Ich ignoriere die Tatsache, dass der Pass am 15.9. gesperrt wird und glaube lieber denen, die behauten, dass sei quatsch.
Gut, die Camps bestehen dann nicht mehr, aber wer brauch die überteuerten Touristationen schon.
Gut es wird dann keine Haftung mehr übernommen und Hilfe von Seiten der Region sind nicht zu erwarten, aber es gibt genügend hilfsbereite Menschen dort oben.
Gut, morgen ist der 15.9., aber die norwegischen Muskalpakete vom Nachbartisch kommen grad von da und sagen, mit meinem Moped sei das kein Problem auch der knietiefe Matsch war nur ein kurzes Stück und die eingestürzte Brücke.. naja, da haben sie ein Paar Rupis unter den Indern verteilt und die haben die Mopeds dann rüber gebracht. Klingt doch prima.
Gut, es regnet seit Tagen und heute Abend Katzen und Hunde, dass noch nicht mal Internet aufgebaut werden kann, aber bisher regnete es doch jeden verf... Tag und vormittags war schöner Sonnenschein.
Ich hab also beschlossen, mir um 4 Uhr morgen früh das Wetter anzuschauen und trinke erstmal mit Javi und Robert ein Bier auf die Entscheidung und auf unseren letzten Abend.

er konnte sogar noch Tortilla de Patata für uns kochen
„Was sagt dein Gefühl?“, hatte mich Javi heute Mittag gefragt, als wir wegen strömenden Regen statt einer Wanderung zu heiligen Wasserfällen in einem Kiffercafe irgend ein unheiliges Kraut in die Zigaretten haben mixen lasen. Was will man auch sonst tun bei dem Wetter …
Mein Gefühl sagt: „Es ist Schwachsinn...␜, nein das ist der Kopf! Oder? Ich fühl nochmal hin, so sicher kann ich mir da nicht sein.
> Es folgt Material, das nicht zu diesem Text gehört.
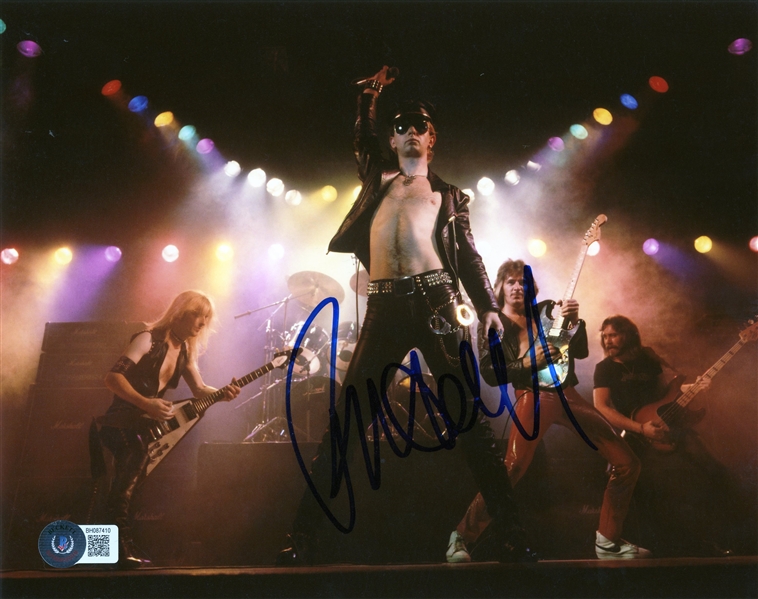 Judas Priest: Rob Halford Signed 8 x 10 Color Photo (Beckett/BAS)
So schwierige Fragen soll ich in dem Zustand beantworten, in dem sogar die Augen schon doppelt sehen. Fatal.
Es ist der Kopf, der alle Anzeichen zusammenwirft und mir deutlich sagt, dass es Schwachsinn ist. Mein Gefühl schreit sozusagen nach der Herausforderung, nach dem Erlebnis und nach den Bildern, die ich zu sehen bekommen könnte. Mein Gefühl hört aber auch ein bisschen auf den Verstand, denn der ist ja nicht zum Spaß da und lässt sich auf einen Kompromiss ein: „Ich versuchs. Und wenn es zu schwierig wirt, dann dreh ich um und komm mit euch nach Rishikesh“, sag ich und bin glücklich mit der Entscheidung. Denn den Ort möchte ich auch sehen und die zwei Spanier sind lustige und amüsante Reisepartner.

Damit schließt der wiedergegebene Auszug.